National Bolshevik Front - Anti-Limonov Tendency

Anti-Limonov Tendency

In August 2006 the name was taken by Alexei Golubovich for a new anti-Limonovist splinter group from the National Bolshevik Party that he led. This new group has links with former NBP member Aleksandr Dugin and closely cooperates with the Union of Eurasian Youth, a group of young supporters of Dugin's Neo-Eurasianism.

The NBF's founders split from the National Bolshevik Party as they disagreed with what they perceived to be Limonov's policies of forging political alliances with pro western liberals and 'oligarchs' in order to overthrow Vladimir Putin's government. The NBF considered this policy to be a betrayal of the original National Bolshevist fight against western style democracy and capitalism; in the NBF's view the NBP is no longer a National Bolshevist party, but rather the radical-looking wing of a wider revolutionary front supported by the enemies of Russian sovereignty.

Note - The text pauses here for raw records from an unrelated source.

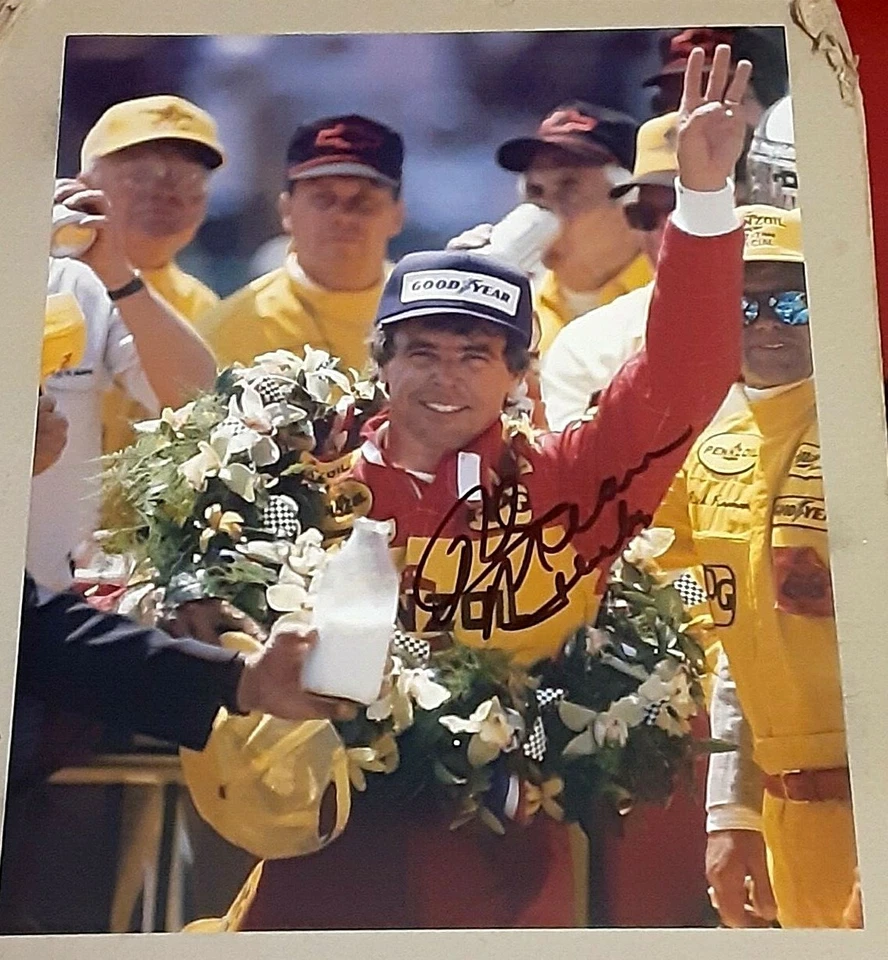 Rick Mears 4x Indy 500 Racing Champion SIGNED AUTOGRAPHED 8x10 Photo COA Penske - Image 1 of 1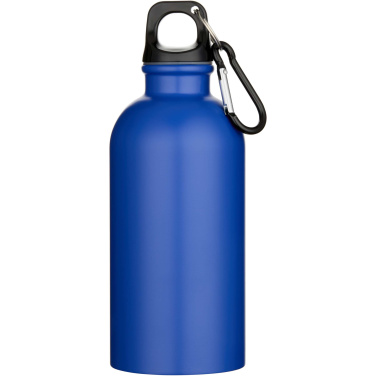 Logotrade promotional merchandise image of: Oregon 400 ml matte RCS recycled single wall stainless steel water bottle with carabiner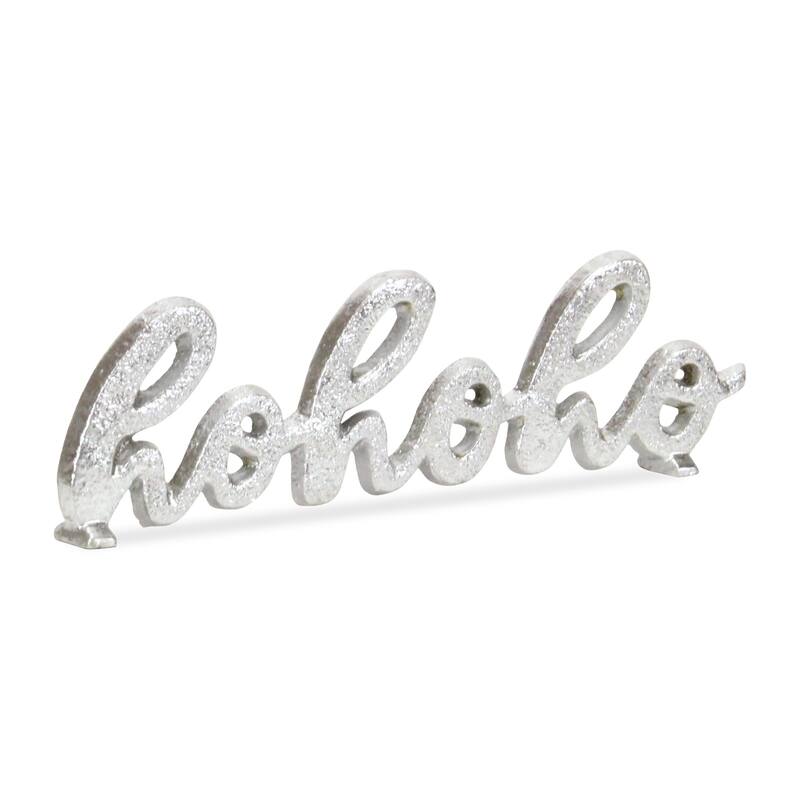Clara "hohoho" Cast Iron Table Sign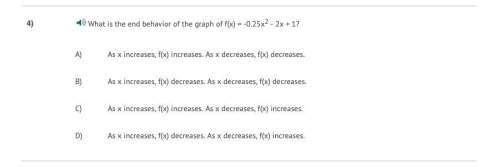 *ez question* ! brainlest answer 15  what is the end behavior of the graph of f(x) =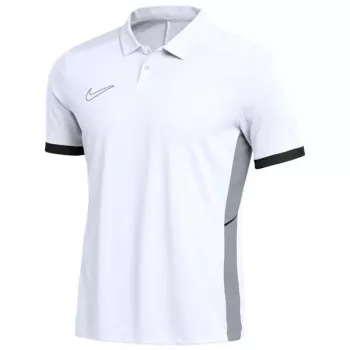 Nike Dri-FIT Academy 25 pánske krátke tričko s golierom biele FZ9759-100 veľkosť M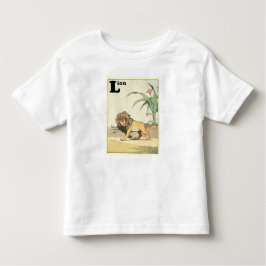 Löwe auf dem Wüsten-Savanne-Alphabet Kleinkind T-shirt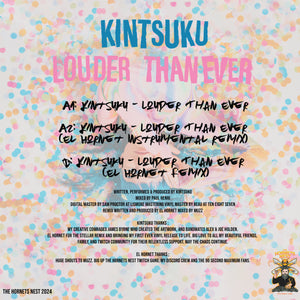 Kintsuku - The Hornets Nest - Louder Than Ever - THN004SE - 12"  Vinyl (Pink and Blue blob or slice vinyl)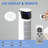 42'' Evaporative Air Cooler Tower Fan with 4 Modes, 12 Hour Timer, LED Display and Remote Control-99187377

The new NBF perceives exiled oligarchs, like Boris Berezovsky and Vladimir Gusinsky, and liberal-democratic pro-western and pro-market political forces (such as the Union of Rightist Forces, Yabloko, Democratic Union and Kasparov's supporters) as Russia's internal enemies, the external ones being perceived as NATO, American imperialism and the New world order. NBF ideology is deeply rooted in the Russian and German National Bolshevist traditions (Ernst Niekisch, Nikolay Ustryalov, the Smenavekhites and the Mladorossi movement) and they reject political and economic liberalism as well as claiming to reject ethnocentric and chauvinist nationalism.

Although it is not officially supported by NBF doctrine, xenophobia, racism, and antisemitism are much more mainstreamed by the aggressive NBF when compared to the more “progressive″ Limonovist NBP.